A New York Times article from September called "Is It OK to Kill Cyclists?" noted that around the country, drivers are almost never prosecuted for hitting bike riders, even when the cyclist is severely injured or dies (unless the driver is drunk).

In Strack's case, the driver, Christian Alexander Stewart of Fort Lauderdale, told police he had been traveling behind another car. That car changed lanes suddenly, so he looked down to downshift, and when he looked up, he saw Strack only the instant before he hit him. Stewart was going an estimated 30 mph in a 35 zone. He was given a citation for failing to exercise due care, a noncriminal traffic infraction.

Some commenters on our original story about Strack's collision blamed the lack of bike lanes. But Green Mobility's Schuetz says, "Bike lanes are a double-edged sword -- on one hand, it's an encouragement of bicycling -- motorists have better sense of expecting bicyclists -- but they can be very dangerous." The lanes are often placed in between roads and parking spaces; cyclists have to navigate around people parking cars, opening doors, making right turns into the bike lane, and more. He believes part of the problem is that Florida's roads are generally wide and straight, so drivers treat them all like highways. Driver education and better enforcement of existing laws would help, he says.

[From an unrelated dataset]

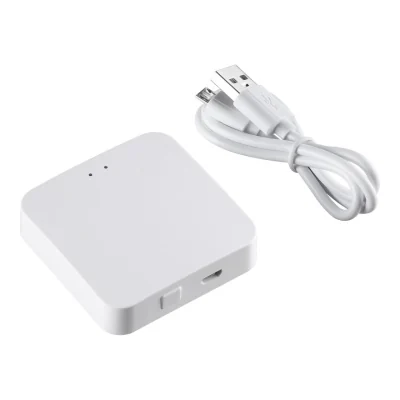 Bluetooth-шлюз Tuya Smart Life для умного дома Novotech Glat 359392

James Wolfe, district secretary for the Florida Department of Transportation, responded to allegations that his agency had unfairly nixed bike lanes by saying that when his staff restripes or resurfaces a road, it often considers adding bike lanes. In many cases, it comes down to having enough pavement. For instance, he said, "Sunrise Boulevard was built in the 1960s. It was four lanes with parking -- two 12-foot lanes and eight feet for parking -- 32 feet wide. Now, it's a six-lane road, and it's still 32 feet wide." He says six lanes were fitted by making each lane 11 feet. A lot of six-lane roads have three 12-foot lanes for cars -- which is the DOT standard -- and "it's hard to squeeze in a four-foot bike lane" on top of that.

"A lot of the roads are too narrow and have a high volume [of traffic] and trucks -- we can't go down to less than ten-foot lanes," Wolfe said. "If we want bike lanes, we'd have to widen the roadway... buy property." He said it was in many cases "extremely expensive" and "not feasible for us," though he agreed that bike lanes not only offered bikers a space to ride but also the "sharrows" -- those little pictures of a stick-figure bicyclist that are painted on the lanes -- "alert driers they need to be sharing the road."

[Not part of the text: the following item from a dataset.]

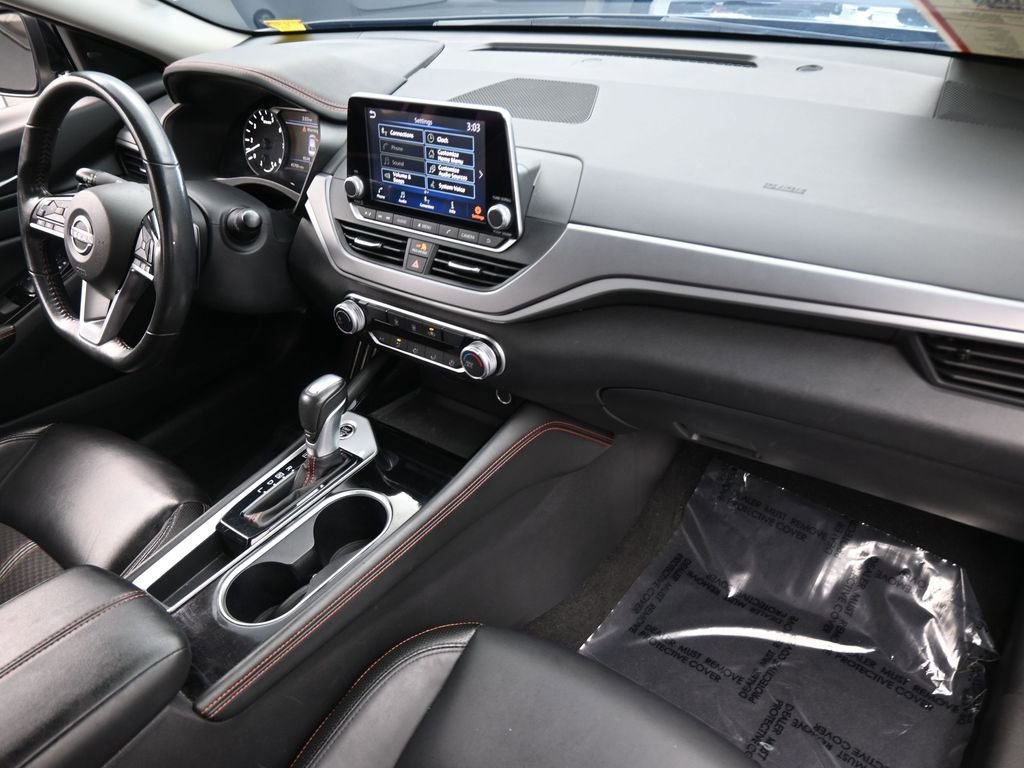 Used 2024 Nissan Altima 2.5 SR image 41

"We have standard policies," he continued. "We put bike lanes in where we can -- we narrow the lanes when we resurface and put in a bike lane. It's four feet for a bike lane, though I expect that will change -- there's a general recognition that it needs to be wider, also to add to the bike lane so there is a greater separation between cars and the bike lane -- but that makes it even more challenging to fit these in."

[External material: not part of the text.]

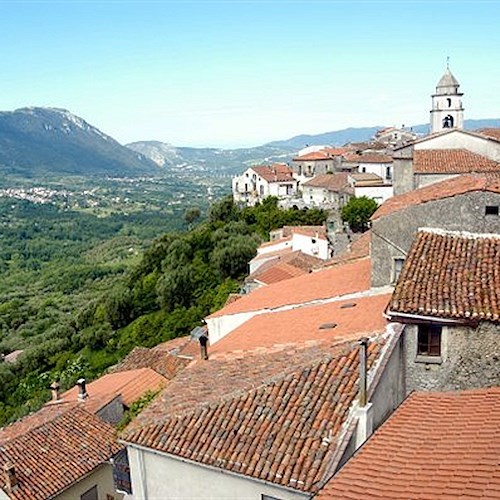 Roccagloriosa Cilento<br />&copy; Facebook Amici di Roccagloriosa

He said that within the DOT, it was "under discussion now that four feet lanes should be revised larger to five feet... It is very likely that we will be revising the policy." He said that would be an internal decision based on engineering and safety data, as well as design practicalities; there probably wouldn't be public hearings about it. "It's not a matter of the public indicating a preference -- it's either safe or it's not."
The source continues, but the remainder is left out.